◆ **EXERCISE DESCRIPTION**:
Restate the listing below word for word, and leave its pictures behind.

◆ **SOURCE DATA**:
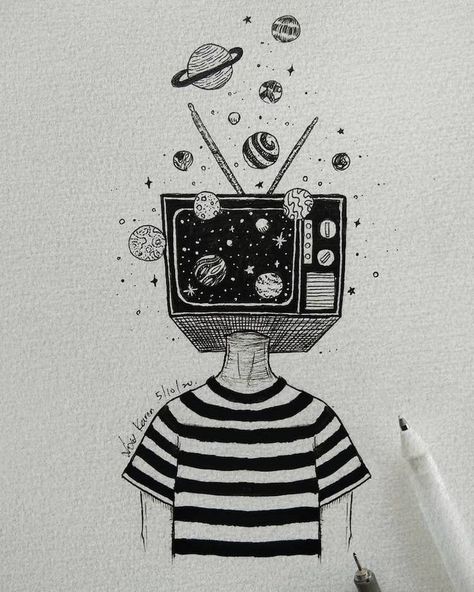 If you're looking for cool drawing ideas, you'll love this aesthetic drawing of a girl with a TV on her head that filled with planets from the galaxy. Great and easy fun drawing and sketch idea. Best And Easy Drawings, Planet Head Drawing, Painting And Sketching Ideas, Add As A Drawing, Out Of Place Art Drawings, Tv Head Sketch, Simple Aesthetic Illustration, Rapid Painting Ideas Easy, Art About Loving Someone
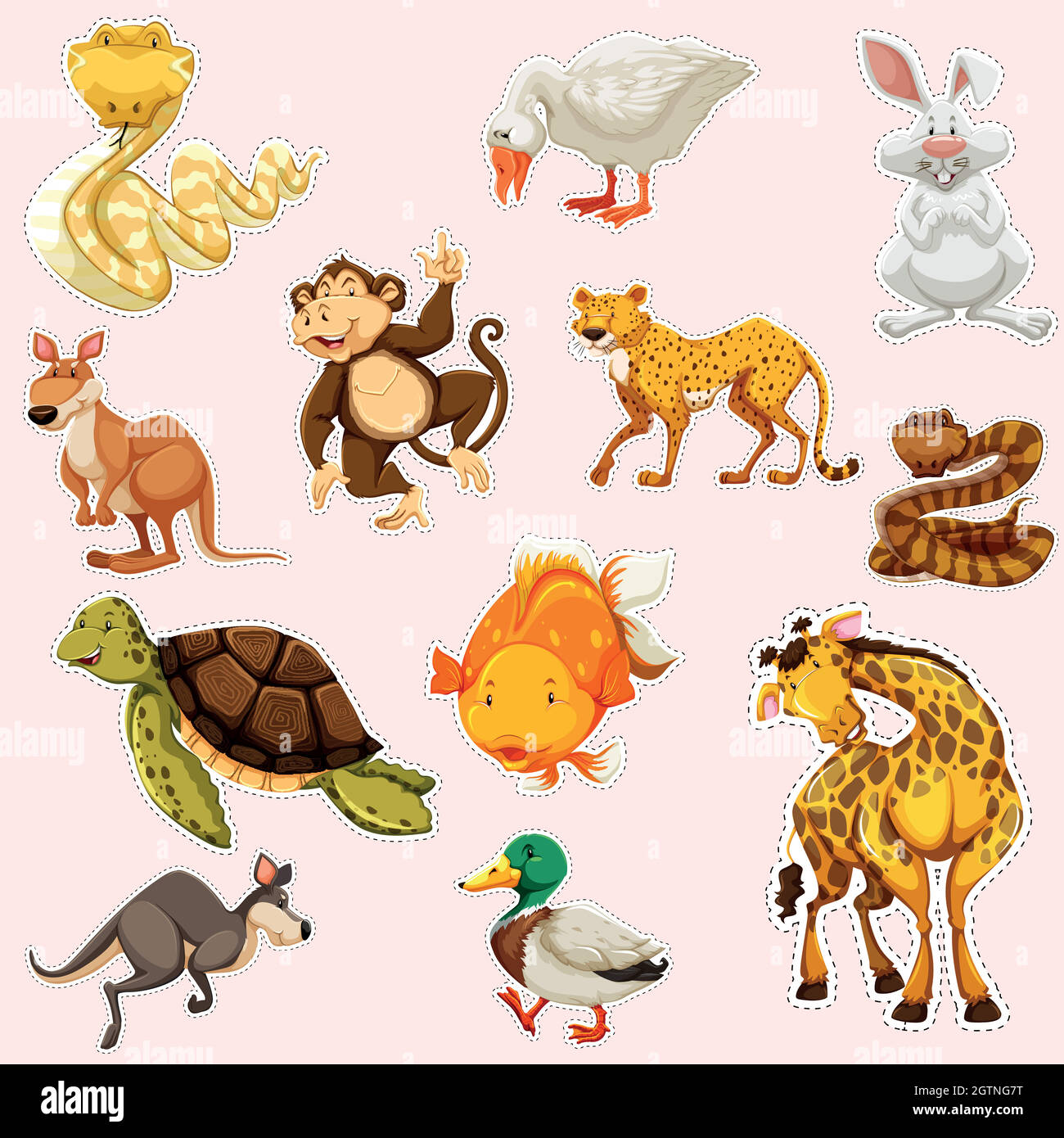 Diseño de pegatinas para animales salvajes Imagen Vector de stock - Alamy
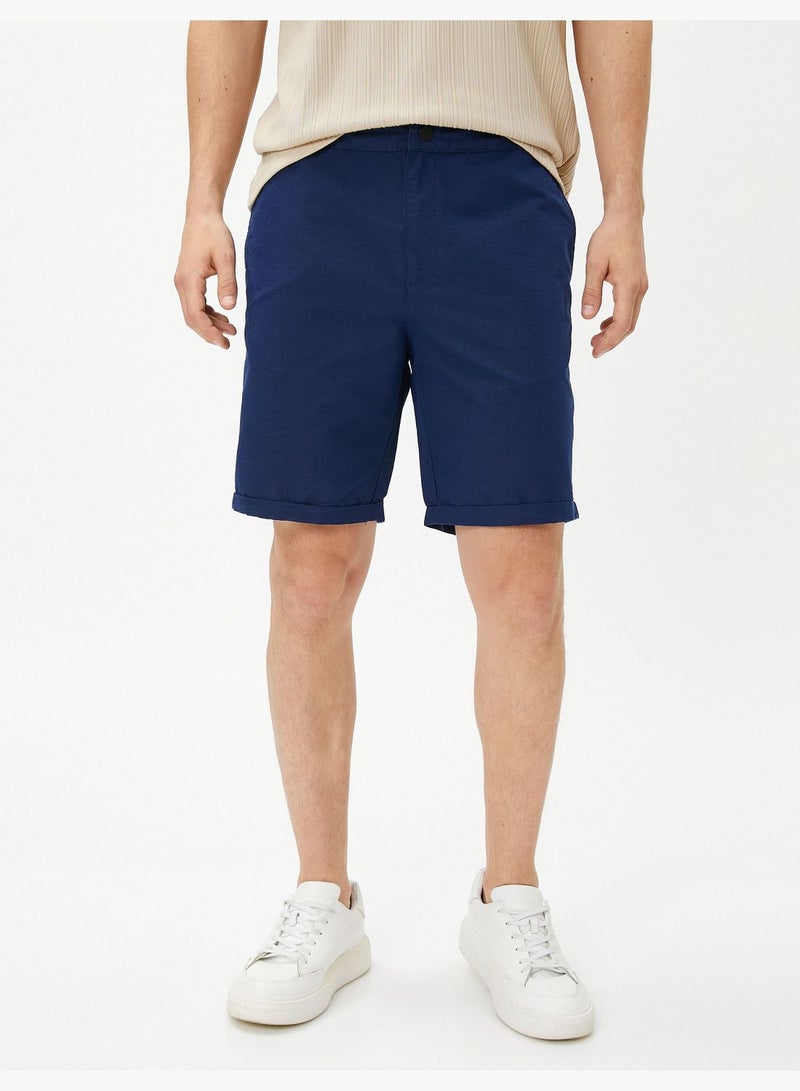 Basic Chino Shorts Folded Detailed Buttoned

◆ **RESULT OF THE TASK**:
 If you're looking for cool drawing ideas, you'll love this aesthetic drawing of a girl with a TV on her head that filled with planets from the galaxy. Great and easy fun drawing and sketch idea. Best And Easy Drawings, Planet Head Drawing, Painting And Sketching Ideas, Add As A Drawing, Out Of Place Art Drawings, Tv Head Sketch, Simple Aesthetic Illustration, Rapid Painting Ideas Easy, Art About Loving Someone
 Diseño de pegatinas para animales salvajes Imagen Vector de stock - Alamy
 Basic Chino Shorts Folded Detailed Buttoned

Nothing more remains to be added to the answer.